Charlotte von Einem

deutsche Autorin und Muse des Göttinger Hainbundes

Marie Dorothee Charlotte von Einem verheiratete Emminghaus (* 18. Oktober 1756 in Kirchweyhe; † 7. November 1833 in Gotha) war eine deutsche Schriftstellerin und Muse des Göttinger Hainbunds, wo sie als „das kleine Entzücken“ bekannt war. Für die Literaturwissenschaft ist auch ihre fragmentarische Lebensbeschreibung Jugendgeschichte von Bedeutung, die Charlotte von Einem von 1824 bis 1826 verfasste.

Leben Bearbeiten

Herkunft Bearbeiten

 
Weyhe 1773

Charlotte von Einem wurde als Tochter des Hauslehrers und ab 1759 Konrektors der Hannoversch Mündener Ratsschule Johann Conrad von Einem und der Sophie Elisabeth Bauermeister in Kirchweyhe in der Grafschaft Hoja geboren. Die von Einem waren ein altes Patriziergeschlecht, das erstmals 1284 in Einbeck erwähnt wurde. Die Familie entstammte dem Stadtadel Einbecks und erbaute unter anderem das Augustinerkloster Einbeck. Im Dorf Einem besaß es zahlreiche Lehngüter, die noch Charlotte von Einems Vater Jahreseinnahmen von bis zu 100 Talern einbrachten.[1]

Kindheit Bearbeiten

Charlotte von Einem wuchs bei ihrem Großvater mütterlicherseits Gabriel Julius Bau(e)rmeister, dem Pfarrer der Felicianus-Kirche Kirchweyhes, und nach dessen Tod 1762 bei ihrer strengen Großmutter Maria Theresia Renner (1711–1770) auf und erhielt eine religiöse Erziehung. Die Mutter verließ Charlotte von Einem 1762 und starb sechs Jahre später. In Bremen lernte Charlotte von Einem 1762 ihren Großonkel Caspar Friedrich Renner kennen, der als Verwaltungsjurist am St. Petri Dom tätig war, sich aber auch als Dichter einen Namen gemacht hatte.[2] In seinem Haus kam sie mit Damen von Adel in Kontakt und wurde im Gesang unterrichtet.[3] Ihr Onkel, der Pastor Johann Gabriel Bauermeister (1741–1813), führte Charlotte von Einem an die zeitgenössische Literatur heran, sodass sie bald die Werke Christian Fürchtegott Gellerts,[4] Opern von Christian Felix Weiße oder den Don Quijote von Miguel de Cervantes in der deutschen Übersetzung (1767) las. Von Einem begann zudem, Zeitungen wie den Hamburgischen Unparteiischen Correspondent zu lesen.
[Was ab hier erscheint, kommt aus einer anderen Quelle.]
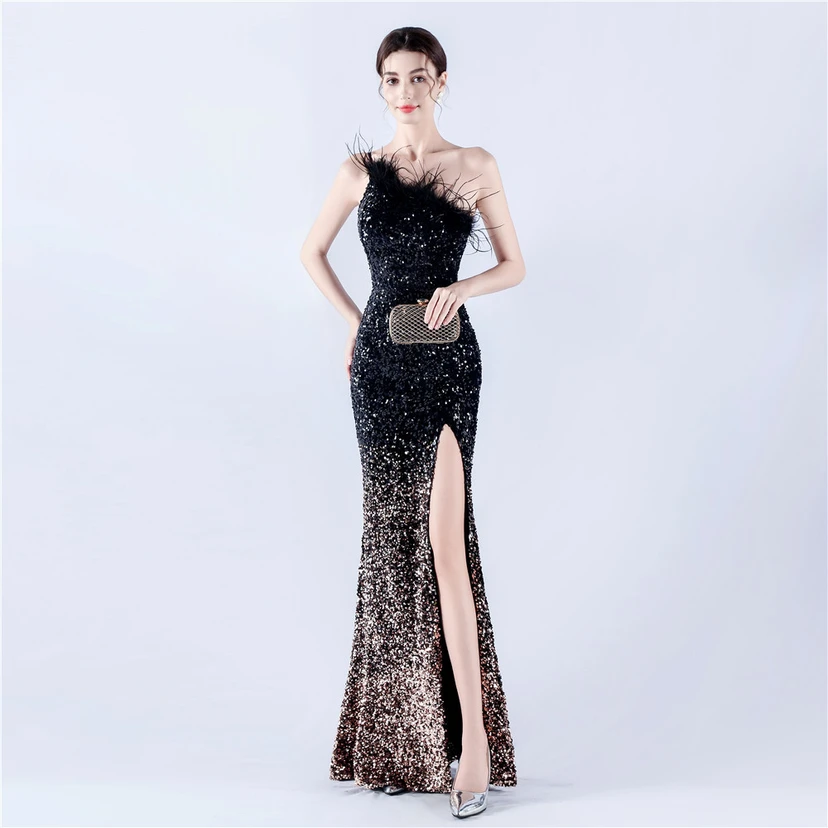 Robe de soirée en satin à baleines ornée de diamants et de fleurs, taille haute, pour réunion annuelle et mariage view 50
Muse des Göttinger Hainbunds Bearbeiten

 
Heinrich Christian Boie

Im Jahr 1770 verstarb ihre Großmutter und Charlotte von Einem ging mit ihrem Vater über Göttingen, wo sie nach eigener Aussage mit Johann Friedrich Blumenbach bekannt wurde,[5] nach Münden. In Kassel lernte sie Rudolf Erich Raspe kennen und wurde Adolph von Knigge vorgestellt. Mit Adam Christian Gaspari stand Charlotte von Einem im Briefwechsel und lernte ihn 1772 auch persönlich kennen. Ab 1775 begann Charlotte von Einem zudem einen Briefwechsel mit Heinrich Christian Boie und dessen Frau Luise Mejer, mit denen sie seit 1773 befreundet war.
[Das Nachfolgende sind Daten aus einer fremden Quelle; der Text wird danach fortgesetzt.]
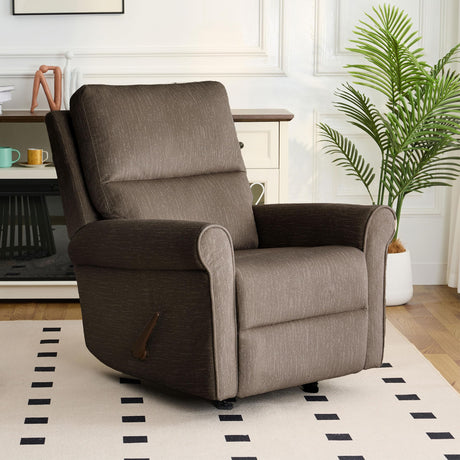 zzlay Rocker Recliner Chair, Nursery Glider Recliner with High Back&Deep Seat, Manual Push Back Rocking Fabric Armchair with Overstuffed Backrest and Armrests for Living Room, Medium, Mocha Grain zzlay
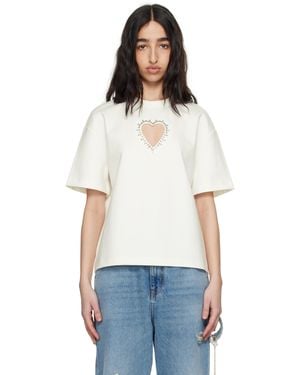 Area Crystal Heart Cutout Relaxed T-Shirt - White
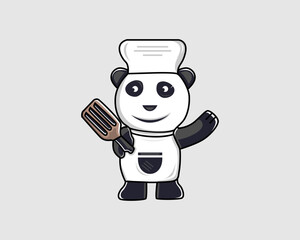 Panda Chef Logo Cartoon Illustrations Vectors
Sie hatte sowohl die Familie Boie als auch den Verleger Johann Christian Dieterich bei einem zweiten Besuch in Göttingen kennengelernt, den sie 1773 mit ihrem Vater unternommen hatte. Dieterich verlegte in seiner Dieterich’schen Verlagsbuchhandlung, die er 1766 eröffnet hatte, unter anderem den Göttinger Musenalmanach. Ein dritter Besuch Göttingens 1774 brachte Charlotte von Einem in Kontakt mit der Literatur des Göttinger Hainbunds. Sie lernte Werke von Ludwig Heinrich Christoph Hölty, Gottfried August Bürger, Johann Heinrich Voß und Johann Martin Miller kennen und machte durch Boies Vermittlung auch die persönliche Bekanntschaft mit Miller und Hölty.

„Miller war verschlossen und steif. Hölty annähernd und forschend und Boie hatte große Freude sie uns näher zu bringen denn sie waren damals eben aufgehende Sonnen am Firmamente der Poesie und B. war derjenige welcher ihre Namen ins große Buch für die Nachwelt Einschrieb.“

Charlotte von Einem: Jugendgeschichte, S. 57
 
Johann Heinrich Tischbein der Ältere (1722–1789): Philippine Engelhard, geb. Gatterer (1780)

Johann Heinrich Voß besuchte Charlotte von Einem noch im selben Jahr in Münden, wie die Verbindung zum Göttinger Hainbund auch die Bekanntschaft mit zahlreichen weiteren bekannten Schriftstellern der Zeit wie Georg Forster, Friedrich Gottlieb Klopstock, Johann Anton Leisewitz und Johann Friedrich Hahn förderte, die Charlotte von Einem in Münden besuchten. Johann Martin Miller stand 1775 kurz vor der Verlobung mit Charlotte von Einem, von der sie jedoch Abstand nahm. In einem Brief an Voß schilderte Miller den Beginn der Liebesbeziehung zu Charlotte von Einem und verwendete diese Schilderung 1776 für seinen Roman Siegwart. Eine Klostergeschichte, in der Charlotte von Einem unter dem Namen „Therese“ dargestellt wird.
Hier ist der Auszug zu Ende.